JEAN V. HARDISTY

INDIVIDUAL | Inducted 1995 [Now Deceased]

As an organizer and philanthropist in Chicago and Massachusetts Jean Hardisty helped open Chicago’s first shelter for battered women; has written and organized for women’s social and health needs; and, besides private philanthropy, co-founded the Crossroads Fund, a nontraditional funder of many gay, lesbian, and AIDS groups. In 1981, she formed what is now Political Research Associates, of Cambridge, Mass, which educates the public on right-wing tactics.

Her academic career included a bachelor’s degree in art history from Northwestern University in 1967, followed by master’s degrees in political science from the University of Southern California and from Northwestern, and a 1976 Ph.D. degree in political science from Northwestern. Thereafter, she was director of a 1977 Summer Institute on Africa at Colgate University and from 1976 to 1980 taught at Colgate University, Northwestern University, and Lake Forest College.

Hardisty was a founding member of the Chicago Abused Women Coalition in 1978 and helped to open Chicago’s first shelter for battered women. As a board member of Women United for a Better Chicago, she advocated establishment of a Mayor’s Advisory Commission on Women’s Affairs and drafted Bread and Roses . . . a Woman’s Platform for Chicago. The latter outlined Chicago women’s pressing needs; besides other general and specific reforms, these included an ordinance against sexual-orientation discrimination, public education programs to reduce AIDS risk, and sensitization of police to domestic violence in same-sex households.

Hardisty co-founded the Crossroads Fund in 1980. It makes grants to organizations that have difficulty in obtaining funds from more traditional sources.

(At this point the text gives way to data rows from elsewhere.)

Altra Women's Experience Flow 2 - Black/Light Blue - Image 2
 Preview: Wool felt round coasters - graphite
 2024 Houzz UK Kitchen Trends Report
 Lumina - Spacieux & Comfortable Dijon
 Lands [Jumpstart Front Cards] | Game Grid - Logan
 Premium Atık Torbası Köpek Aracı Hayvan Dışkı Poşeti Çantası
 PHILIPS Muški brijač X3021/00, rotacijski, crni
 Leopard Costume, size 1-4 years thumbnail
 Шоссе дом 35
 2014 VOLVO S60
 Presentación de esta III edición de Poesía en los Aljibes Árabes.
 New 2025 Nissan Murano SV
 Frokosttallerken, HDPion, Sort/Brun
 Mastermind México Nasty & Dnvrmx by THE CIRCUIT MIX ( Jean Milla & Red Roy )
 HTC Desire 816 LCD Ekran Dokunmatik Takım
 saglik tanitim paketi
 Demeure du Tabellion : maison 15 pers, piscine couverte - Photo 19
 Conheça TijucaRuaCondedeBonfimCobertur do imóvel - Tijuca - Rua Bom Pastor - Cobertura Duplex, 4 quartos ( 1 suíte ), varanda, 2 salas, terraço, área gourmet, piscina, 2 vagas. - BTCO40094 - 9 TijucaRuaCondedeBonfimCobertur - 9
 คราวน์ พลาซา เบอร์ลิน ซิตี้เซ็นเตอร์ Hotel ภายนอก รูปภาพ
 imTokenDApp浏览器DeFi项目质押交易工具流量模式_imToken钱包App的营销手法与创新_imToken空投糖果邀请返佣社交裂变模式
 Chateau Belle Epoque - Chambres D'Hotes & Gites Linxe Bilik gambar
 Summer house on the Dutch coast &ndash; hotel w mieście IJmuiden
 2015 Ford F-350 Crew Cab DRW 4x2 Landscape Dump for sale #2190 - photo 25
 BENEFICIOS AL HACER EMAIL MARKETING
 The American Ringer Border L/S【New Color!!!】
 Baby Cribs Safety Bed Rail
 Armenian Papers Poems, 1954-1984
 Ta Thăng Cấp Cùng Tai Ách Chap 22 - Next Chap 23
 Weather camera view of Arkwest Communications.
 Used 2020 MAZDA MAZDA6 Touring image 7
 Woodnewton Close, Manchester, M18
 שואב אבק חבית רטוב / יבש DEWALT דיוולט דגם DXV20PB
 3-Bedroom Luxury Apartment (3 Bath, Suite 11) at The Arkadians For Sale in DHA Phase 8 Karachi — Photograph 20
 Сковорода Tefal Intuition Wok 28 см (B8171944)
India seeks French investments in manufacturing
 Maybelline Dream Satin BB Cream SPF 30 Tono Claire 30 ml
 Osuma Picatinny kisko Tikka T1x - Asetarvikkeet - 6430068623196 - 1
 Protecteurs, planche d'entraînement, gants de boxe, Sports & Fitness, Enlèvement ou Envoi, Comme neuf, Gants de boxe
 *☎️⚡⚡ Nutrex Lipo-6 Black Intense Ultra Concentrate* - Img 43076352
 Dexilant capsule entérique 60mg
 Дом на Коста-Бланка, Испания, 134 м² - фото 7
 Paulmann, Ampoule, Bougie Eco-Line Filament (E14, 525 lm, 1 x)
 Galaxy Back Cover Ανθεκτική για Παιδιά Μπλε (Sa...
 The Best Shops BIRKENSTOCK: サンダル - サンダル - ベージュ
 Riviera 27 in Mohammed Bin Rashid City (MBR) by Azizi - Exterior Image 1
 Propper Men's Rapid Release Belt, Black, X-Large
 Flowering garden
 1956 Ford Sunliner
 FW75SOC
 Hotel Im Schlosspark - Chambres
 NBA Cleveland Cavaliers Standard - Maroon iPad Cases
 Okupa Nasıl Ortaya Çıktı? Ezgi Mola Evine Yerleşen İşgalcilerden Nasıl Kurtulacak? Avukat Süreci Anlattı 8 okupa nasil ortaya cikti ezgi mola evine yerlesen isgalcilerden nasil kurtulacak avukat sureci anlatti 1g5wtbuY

She was its president from 1985 to 1987. Many gay, lesbian, and AIDS organizations have received Crossroads grants. In addition, her private philanthropy has benefited lesbian and gay Chicagoans in innumerable ways, from underwriting music events and travel expenses to literary and health conferences, to aid for publications and documentaries preserving lesbian and gay history.

As a consultant in 1980 and 1981 to the Reproductive Rights Project of the American Civil Liberties Union of Illinois’s Roger Baldwin Foundation, Hardisty wrote A Speaker’s Manual on Abortion. She has also served on boards of the Illinois Justice Foundation, the Ms. Foundation for Women, the Center for Democratic Renewal (formerly the National Anti-Klan Network), and the Reclaiming Diversity Project of the Council for Research on Women. She has produced numerous articles and speeches on issues involving the political right wing, homophobia, cancer, poverty, women’s welfare, and feminism.

In 1981, Hardisty formed Midwest Research, a center that monitors the right wing and educates the public. It later became Political Research Associates in Cambridge, Massachusetts. As its head, she testified in the court fight over Colorado’s homophobic Amendment 2.

In 1989, after several personal battles with non-Hodgkins lymphoma, Hardisty became a founding member of the Women’s Community Cancer Project in Cambridge and Boston, as well as advising Chicago women’s cancer organizers. As a Massachusetts resident, she has also served on boards of the Civil Liberties Union of Massachusetts, the Institute for Affirmative Action, Grassroots International, and Washington’s Center for Women Policy Studies.

Jean V. Hardisty, passed away March 16, 2015 at her Somerville, Massachusetts home, she was 69.